La Transfiguración


«Seis días después, Jesús tomó consigo a Pedro, a Santiago y a su hermano Juan, y los llevó aparte, a un monte alto. Y se transfiguró delante de ellos: su rostro se puso brillante como el sol y sus vestidos se volvieron blancos como la luz» (Mt 17, 1-2).

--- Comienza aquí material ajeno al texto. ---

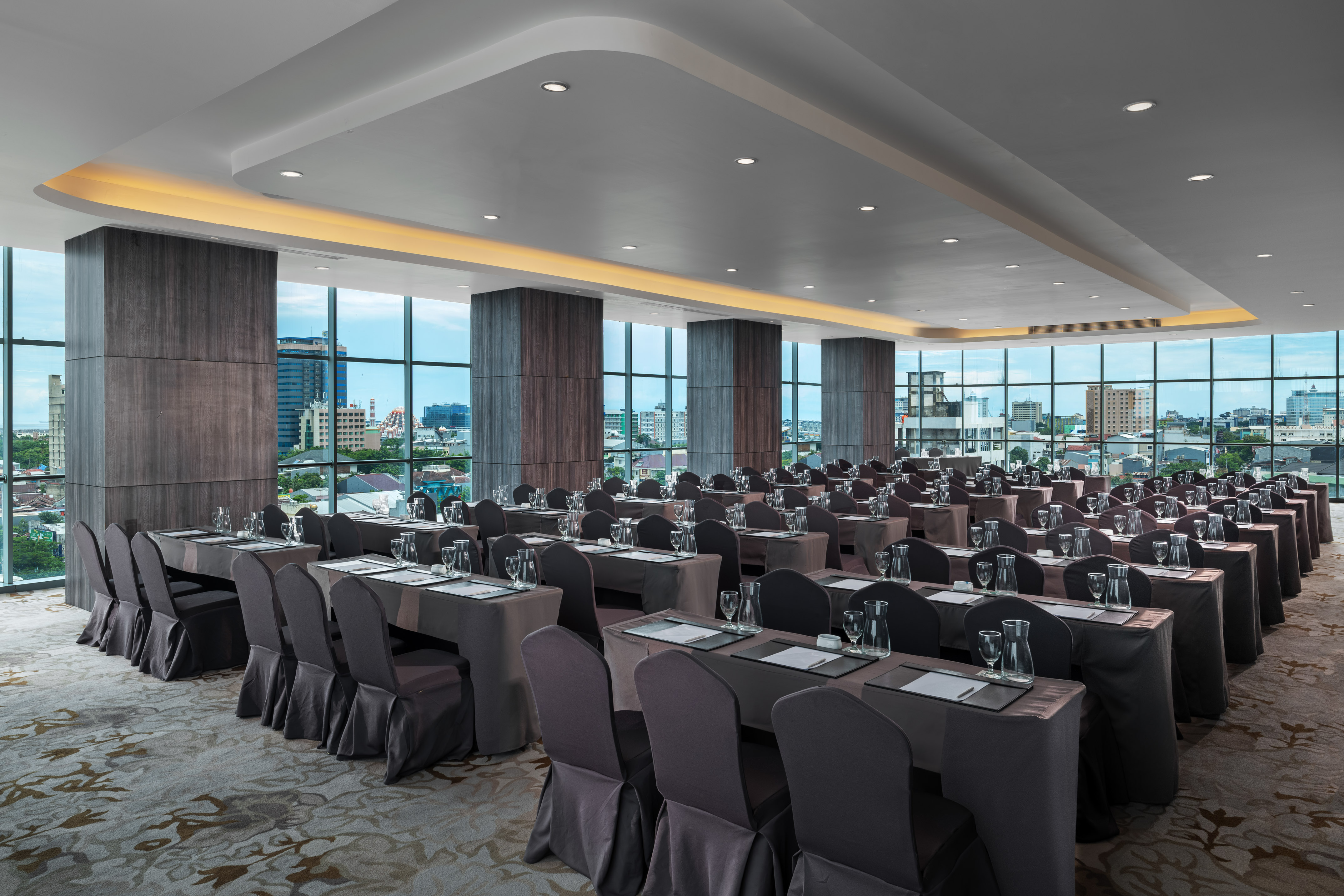 Modern conference room with city view, tables, chairs, and delegate settings.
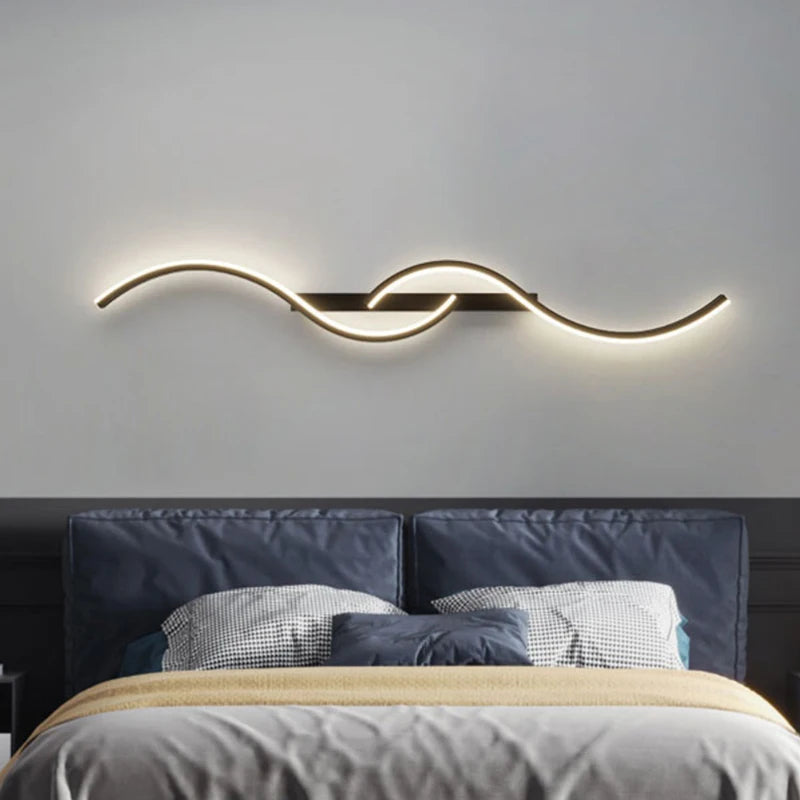 Modern minimalist LED wall lamp with warm white light above a bed in a stylish bedroom setting.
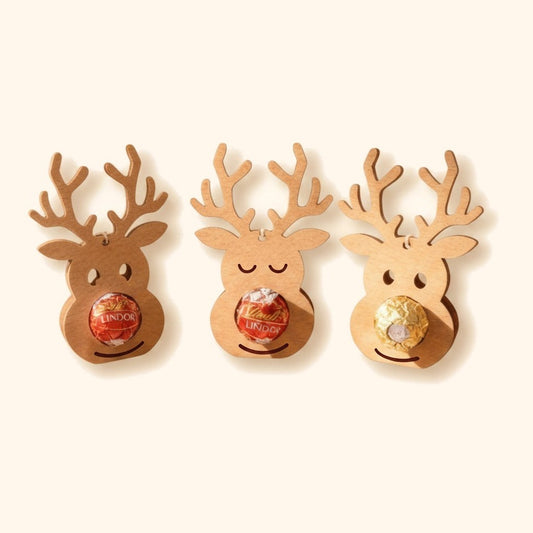 Drei Rentier-Schokoladenhalter aus Holz mit Lindor-Kugeln als weihnachtliche Geschenkidee. — vor cremefarbenem Hintergrund.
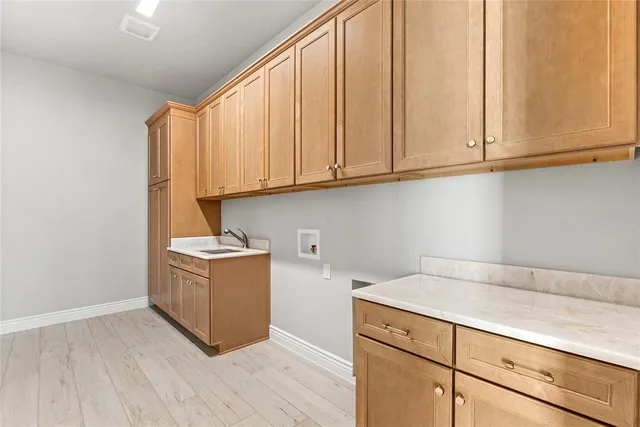 a large bathroom with a double vanity sink a large mirror and shower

A lo largo de la historia ha habido una cuestión que ha ido cambiando y que será difícil que encuentre solución. Cómo compaginar que Jesús es verdadero Dios y verdadero hombre. Hay momentos en la historia en los que se ha dado énfasis a la parte divina y así vemos a los Cristos Pantocrátor: Jueces soberanos y todopoderosos. En otros momentos se destacado la parte humana y así tenemos al Cristo Hippie de “Jesucristo Superstar” o al Cristo guerrillero. Y la cuestión arranca desde la primera comunidad. Ellos también tuvieron ese problema y trataron de dar su respuesta. Por eso hay momentos en los que se muestra la humanidad profunda de Jesús, la muerte de Lázaro, y otros en los que Jesús se muestra como el Dios que és. Momentos epifánicos, centrales e importantes. Y la Transfiguración es uno de esos momentos. No es sólo el profeta que los dos de Emaús seguían, no es el que da pan o cura. Es Dios, el Hijo predilecto de Dios, enviado por Dios para que le escuchemos. Moisés y Elías, los dos profetas principales del judaísmo lo atestiguan. Pedro, Juan y Santiago, los apóstoles principales lo atestiguan. El Antiguo Testamento y el Nuevo Testamento sólo hablan de él. El es el centro, el es Dios.
Y ante su presencia sólo cabe la adoración, sólo cabe la escucha, sólo cabe la fe. La razón que no sea creyente no encontrará argumentos para seguirle. Los sentidos pierden su sentido y no pueden explicar la grandeza de nuestro Dios y la humildad de nuestro hermano. Él quiere que nos encontremos con él, por eso sube a lo alto. Quiere que le veamos, por eso brilla más que el sol. Y él quiere que llevemos esa noticia a los demás. Por eso no deja a sus discípulos refugiarse en el Tabor, sino que les hace bajar a los caminos a los pueblos donde uno se encuentra con la gente.
Jesús vino a nosotros para mostrarnos que Dios está con nosotros. No es algo lejano, no es algo que no sepa de nosotros. Está cerca de nosotros y conoce nuestra vida y nuestra realidad. Por eso quiere lo mejor para nosotros. Por eso nos dio a su Hijo siendo uno de nosotros, para decirnos con claridad que nuestra vida no le es ajena, sino que somos lo que Él ama. Lo único que nos pide es que seamos como Él, que amemos como el ama.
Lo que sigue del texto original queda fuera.